Ama antik çağlardaki köle sahiplerine, ortaçağın feodallerine “haksızlık” etmeyelim; “artı-emeği” büyütme çabası ve hırsında kapitalistlerin eline su dökemezler!
Kapitalizmde “kazanç” para biçimine büründüğünden, para biçimindeki sermaye sürekli büyümek zorunda olduğundan, bu büyüme dürtüsü ise ifadesini “kar oranı”nda bulduğundan, kapitalistler hep daha fazla “kar” daha yüksek “kar oranları” için el koyacakları “artı-emeği” sürekli büyütmeye çalışırlar. İşçiler insanlıktan çıkacak ölçüde işe koşulurlar; ağır çalışma koşulları dayatılır, ücretler budanır, kuralsız çalışma yaygınlaştırılır…

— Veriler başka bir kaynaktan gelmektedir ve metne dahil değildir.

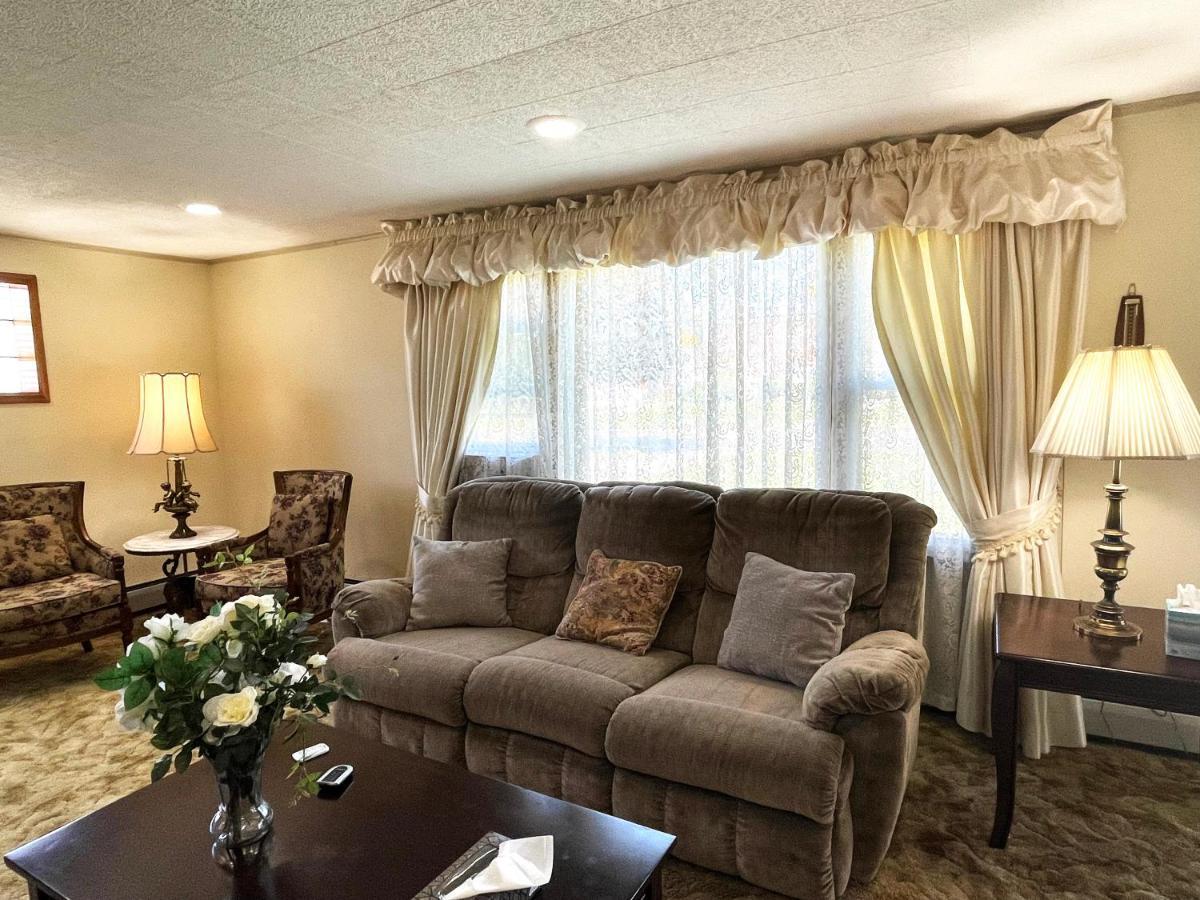 Entire Home In Buffalo - 6 Guests 3 Bedroom 1 Bath - Convenient Location - 25Min To Niagara Falls Exterior foto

Bu yöndeki kapitalist zorbalık çoğu zaman öyle bir noktaya gelir ki, işçinin emeği ve bedeni o denli yıpranmakla kalmaz, iş cinayetleri artar. Kapitalist kar oranları işçinin canı, kanı, tükenen emeği pahasına yükselir…
İnşaat sektörü, bu yönden kapitalist barbarlık ve köleliğin tipik bir örneği ya da simgesi gibidir. Göğe yükselen binalar, saraylar kölece çalıştırılan işçilerin kanı, canı pahasına ve cesetleri üzerine basa basa inşa edilir.
Erdoğan’ın 3. Havalimanı’na dair yaptığı açıklamaya İnşaat İş Sendikası’nın verdiği yanıtta olduğu gibi:
..’3-5 firma el ele verip, bir yerlere fırsat vermeden bu işi bitirdiler. Biz bu büyük sevinci Cumhuriyet Bayramımıza denk getirmek için yüklenici firmaları gerçekten çok zorladık. Sağ olsunlar onlar da yetiştirdiler’ dedi Erdoğan!
Evet, bu sözler kendisi ve emrindeki tüm bir devletin o köle kampındaki çalışma koşullarının, işlenen ve sayısı bilinmeyen iş cinayetlerinin baş faillerinden biri olduğunun itirafıdır.
İşçi arkadaşlarımızın sadece son haftalarda nasıl bir üretim zorlamasına maruz kaldıkları ve ardı ardına kaç cinayet ya da yaralanma haberinin geldiğini düşünecek olursak, İGA patronlarına para akıtan iktidarın aynı zamanda siyasi şov için onları baskıladığı ve onların da Mısır piramitlerindeki köleler gibi biz işçileri baskıladıkları açıkça görülecektir.
Ve ama, İnşaat İş’in 10 Ekim Katliamında ölümsüzleşen yöneticilerinden İsmail Kızılçay’ın bir eylemde yaptığı konuşmada dediği gibi, o yapıları inşa eden biz inşaat işçileri günü gelir onları başınıza yıkmasını da biliriz!